Home Affairs Minister Kembo Mohadi has revealed they commissioned a Zimbabwe-registered North Korean company, Mutsuddy International, to make the two bronze statues at a total cost of US$600,000. Mutsuddy is the same company which designed the bronze National Heroes Acre murals.
Mohadi said the two statues – each three metres tall – have been withdrawn for safe-keeping at the National Museum in Bulawayo.
It has now emerged that the government commissioned a THIRD statue before the Korea order, only to pull-out after realising the cost of the stone carving by sculptor David Mutasa would cost MORE.
Mohadi said: “We gave Mutasa a lot of money and he kept on asking for more.
“It later turned out that Mutasa’s statue was going to be more expensive than the North Koreans.”
New Zimbabwe.com understands Mutasa – who denies his statue was costing more – received in excess of US$200,000 for the statue which is three quarters complete. He claims his statue was APPROVED by Nkomo’s late widow, Joanna.

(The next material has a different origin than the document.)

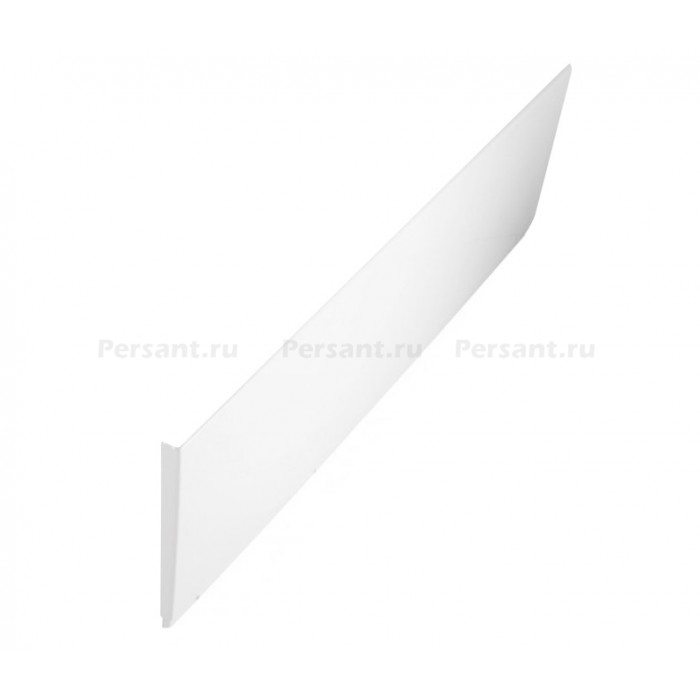 Передняя панель Cezares PLANE DUO 190 PLANE_DUO-190-SCR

Together with costs of running the projects, the total bill to the government tops US$1 million.
The revelations expose for the first time the cost to the tax payer of a political tug-of-war over the legacy of Joshua Nkomo – the former leader of the revolutionary PF-ZAPU party.
His family says it is raising funds to commission its own statue which it wants erected at the Joshua Mqabuko Nkomo International Airport in Bulawayo.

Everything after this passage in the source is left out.